5. L1/L2/... regularization without standardization
Applying L1 or L2 to penalize large coefficients is a common way to regularize linear or logistic regression. However, many practitioners are not aware of the importance of standardizing features before applying those regularization.
Returning to fraud detection, imagine a linear regression model with a transaction amount feature. Without regularization, if the unit of transaction amount is in dollars, the fitted coefficient is going to be around 100 times larger than the fitted coefficient if the unit were in cents. With regularization, as the L1 / L2 penalize larger coefficient more, the transaction amount will get penalized more if the unit is in dollars. Hence, the regularization is biased and tend to penalize features in smaller scales. To mitigate the problem, standardize all the features and put them on equal footing as a preprocessing step.
6. Use linear model without considering multi-collinear predictors
Imagine building a linear model with two variables X1 and X2 and suppose the ground truth model is Y=X1+X2. Ideally, if the data is observed with small amount of noise, the linear regression solution would recover the ground truth. However, if X1 and X2 are collinear, to most of the optimization algorithms' concerns, Y=2*X1, Y=3*X1-X2 or Y=100*X1-99*X2 are all as good. The problem might not be detrimental as it doesn't bias the estimation. However, it does make the problem ill-conditioned and make the coefficient weight uninterpretable.

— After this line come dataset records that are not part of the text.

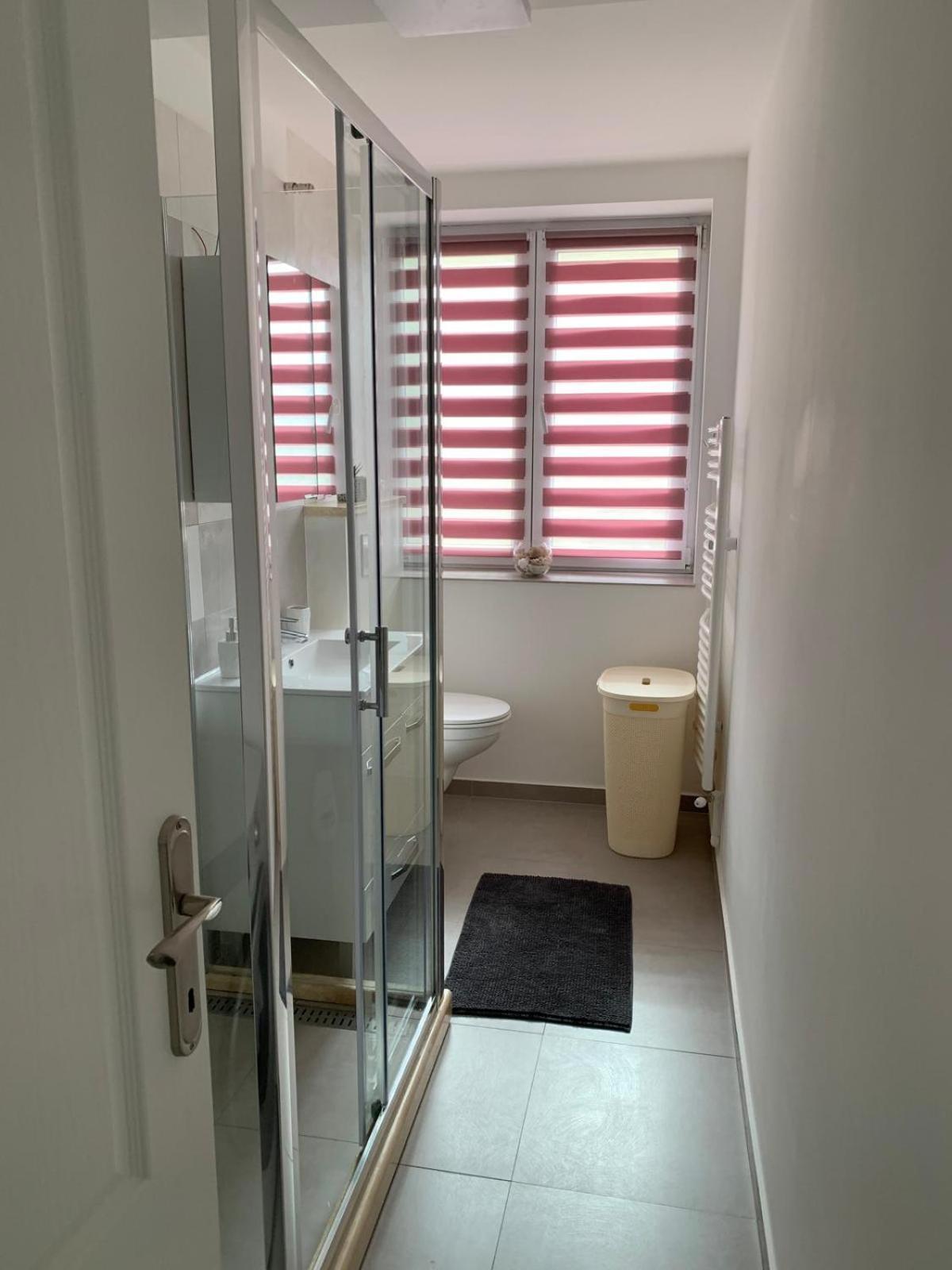 Rose Apartment Piatra Neamţ Eksteriør billede
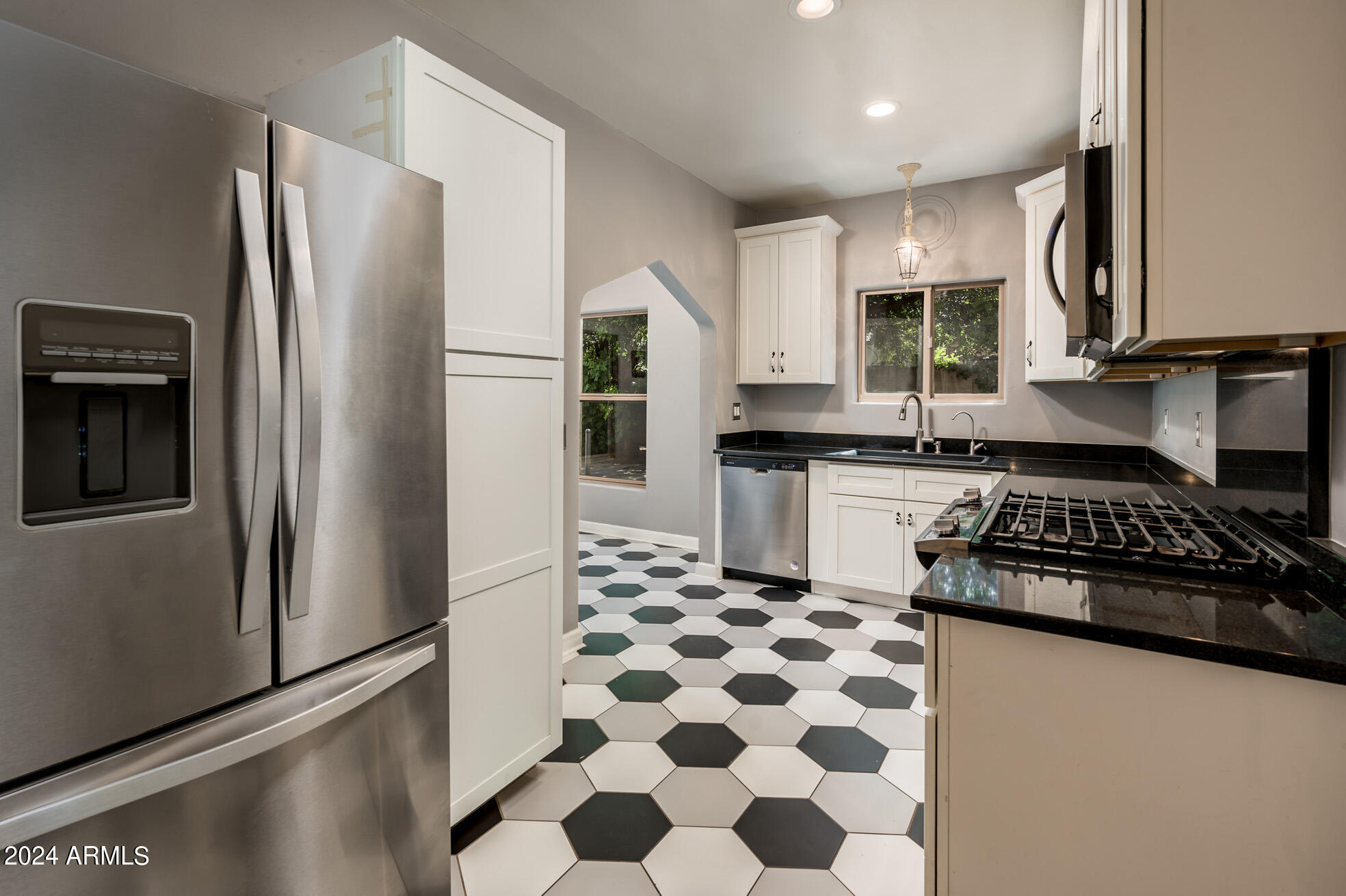 40 W MEDLOCK Drive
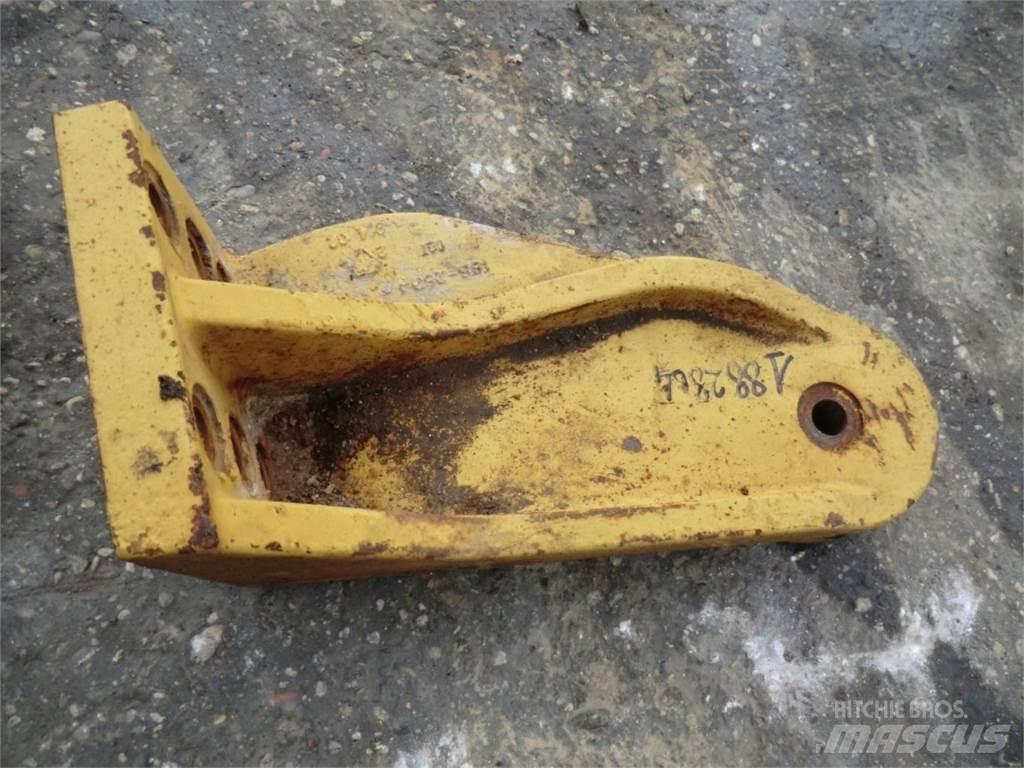 CAT 735 Podvozky a zavěšení kol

7. Interpreting absolute value of coefficients from linear or logistic regression as feature importance
Because many off-the-shelf linear regressor returns p-value for each coefficient, many practitioners believe that for linear models, the bigger the absolute value of the coefficient, the more important the corresponding feature is. This is rarely true as (a) changing the scale of the variable changes the absolute value of the coefficient (b) if features are multi-collinear, coefficients can shift from one feature to others. Also, the more features the data set has, the more likely the features are multi-collinear and the less reliable to interpret the feature importance by coefficients.
So there you go: 7 common mistakes when doing ML in practice. This list is not meant to be exhaustive but merely to provoke the reader to consider modeling assumptions that may not be applicable to the data at hand. To achieve the best model performance, it is important to pick the modeling algorithm that makes the most fitting assumptions -- not just the one you’re most familiar with.